→ DATA FOR THE TASK

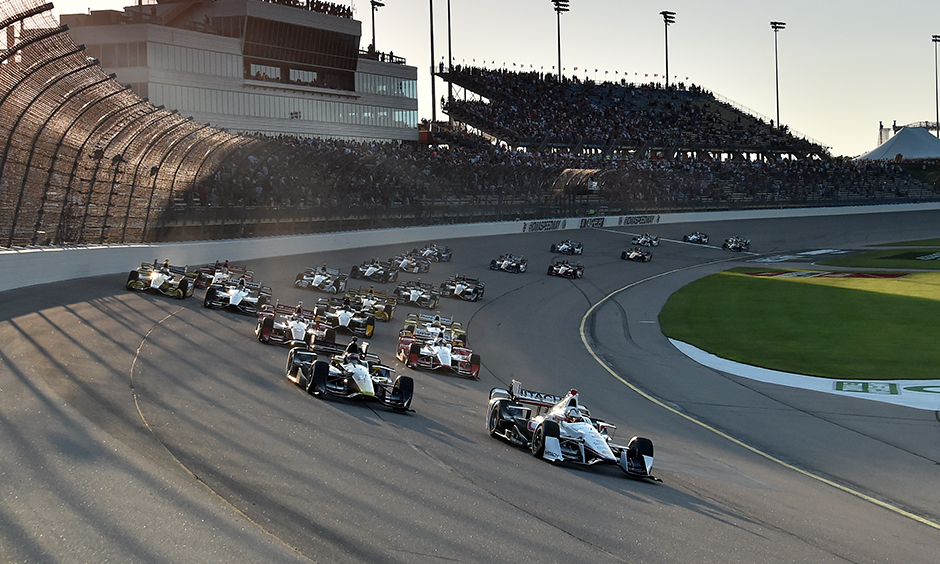 07-08-Iowa-Speedway-Start2015.jpg?vs=1&d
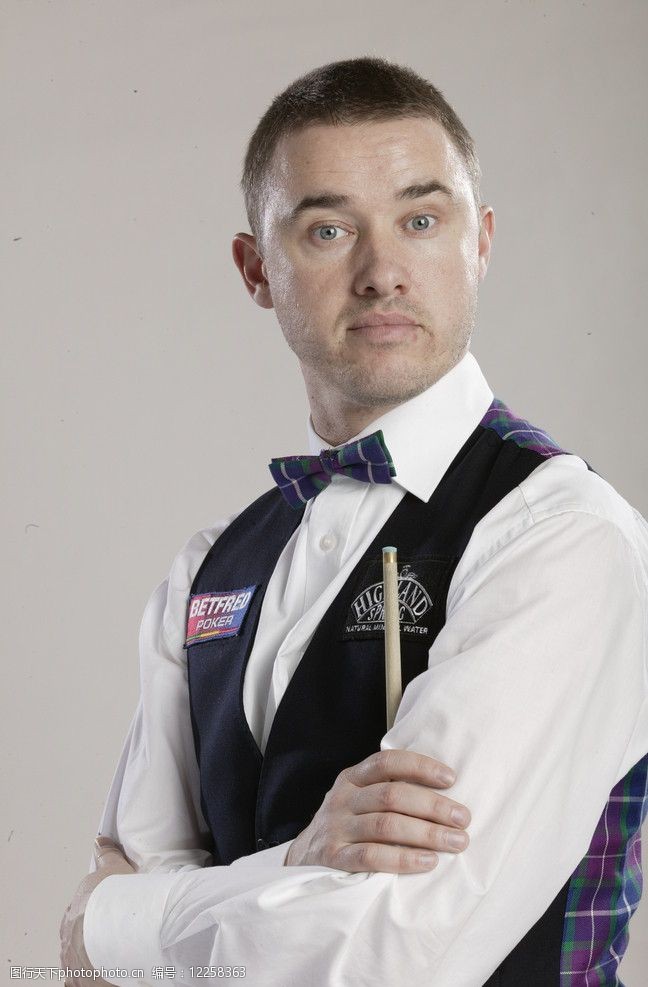 在屈髋的同 在屈髋的同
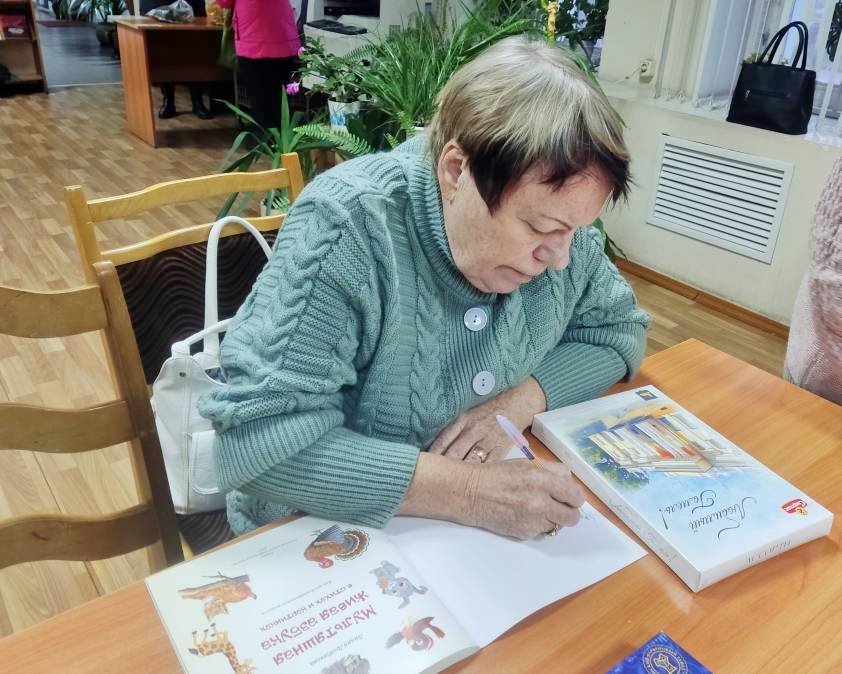 Кроплі золата восень губляе…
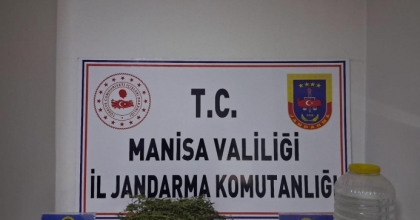 MANİSA’DA 320 GRAM ESRAR VE 10 LİTRE KAÇAK ALKOL ELE GEÇİRİLDİ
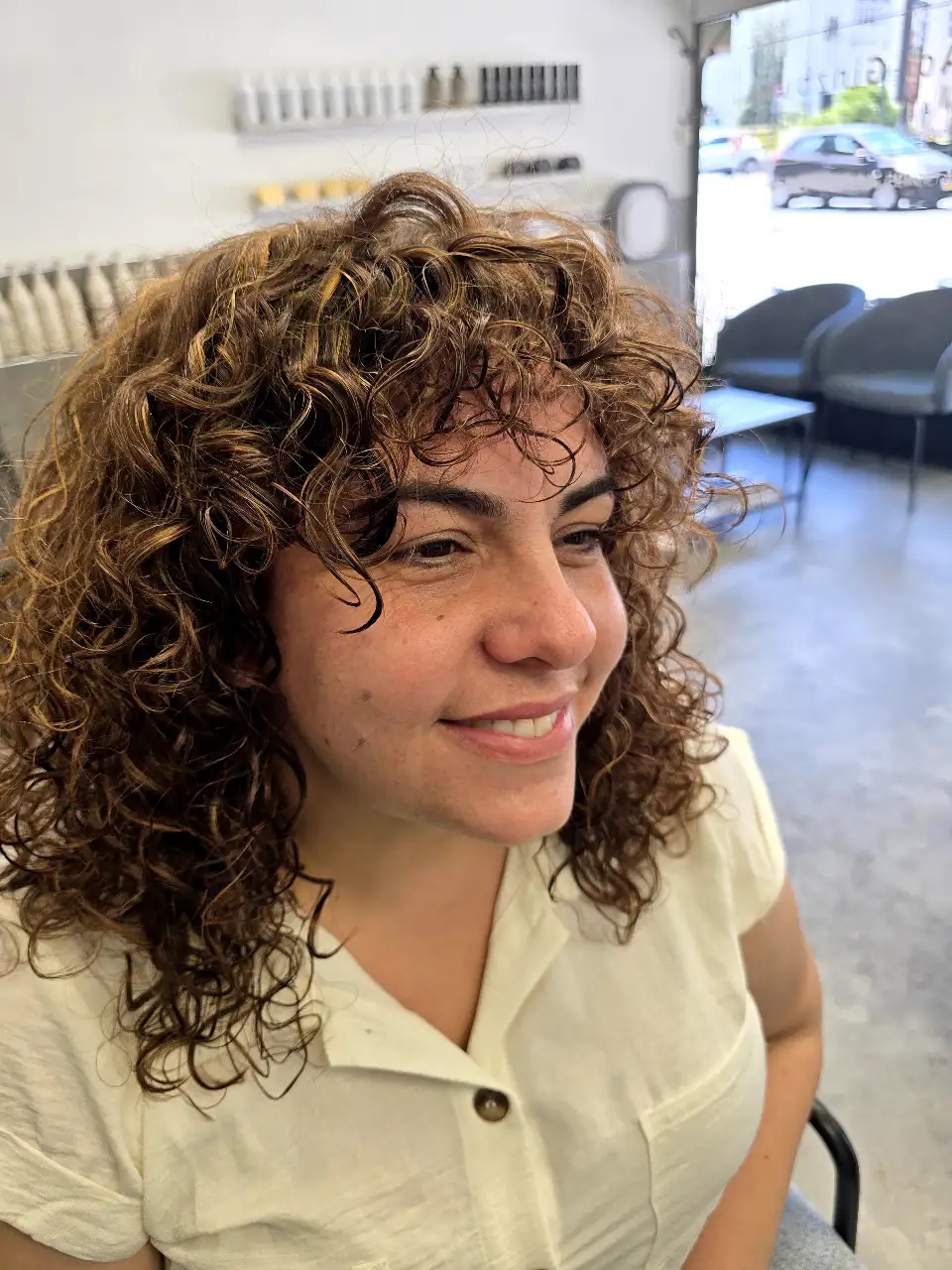 תספורות ועיצוב תלתלים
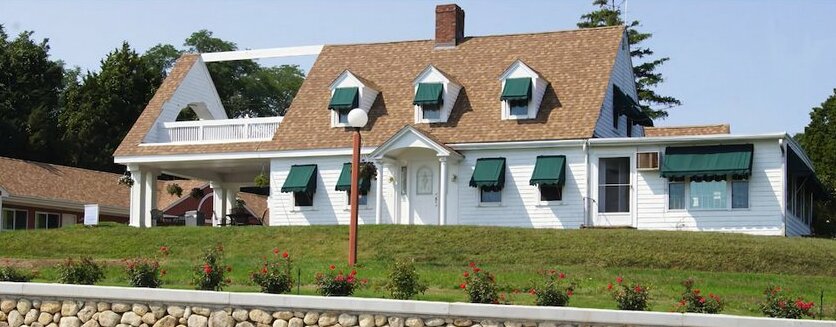 Blue Spruce Motel & Townhouses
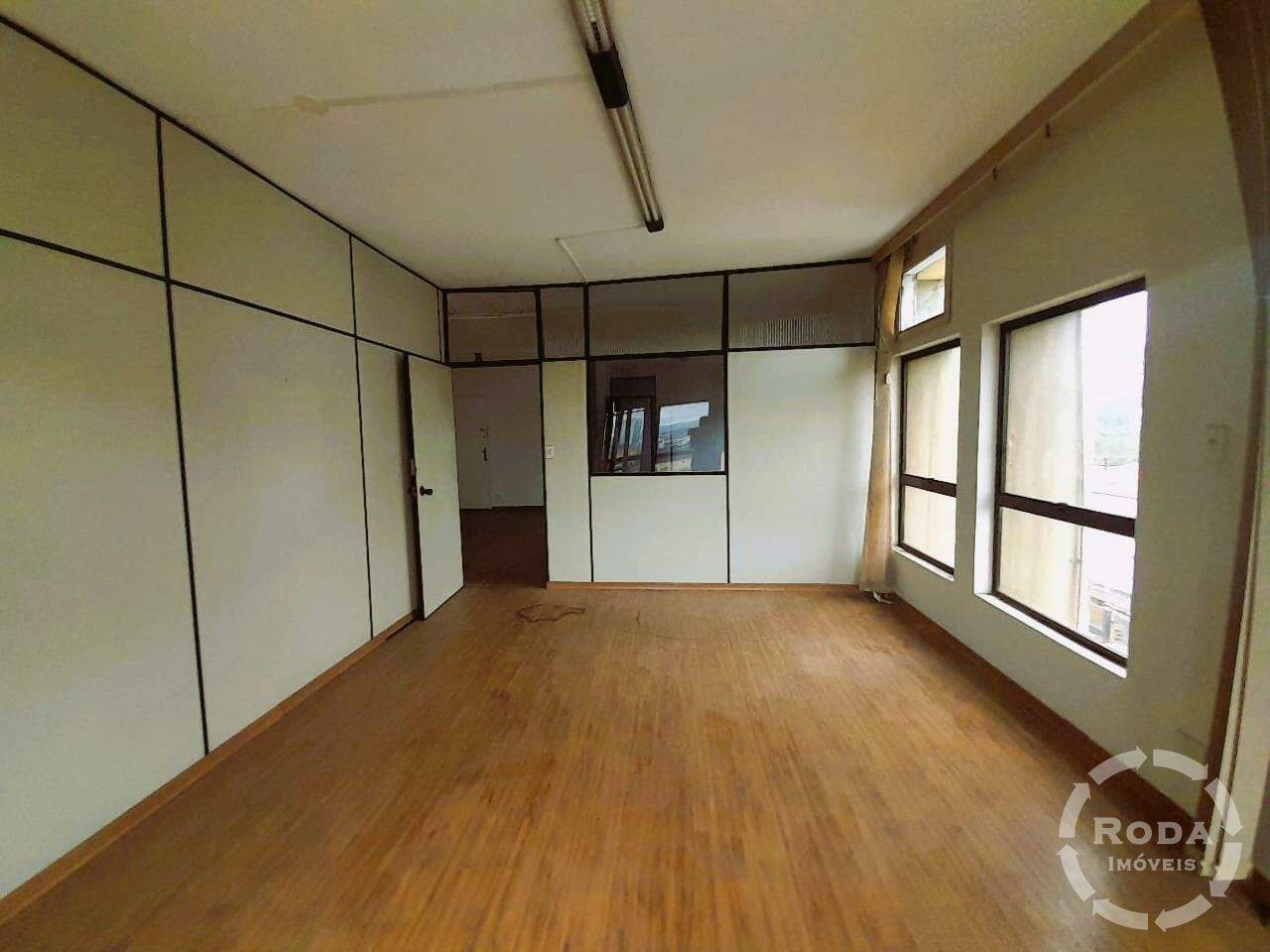 Conjunto Comercial à venda no Vila Mathias:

→ ACTION ITEM
Would you set down each line of the listing above exactly, apart from the pictures?

→ ANSWER BELOW
 07-08-Iowa-Speedway-Start2015.jpg?vs=1&d
 在屈髋的同 在屈髋的同
 Кроплі золата восень губляе…
 MANİSA’DA 320 GRAM ESRAR VE 10 LİTRE KAÇAK ALKOL ELE GEÇİRİLDİ
 תספורות ועיצוב תלתלים
 Blue Spruce Motel & Townhouses
 Conjunto Comercial à venda no Vila Mathias:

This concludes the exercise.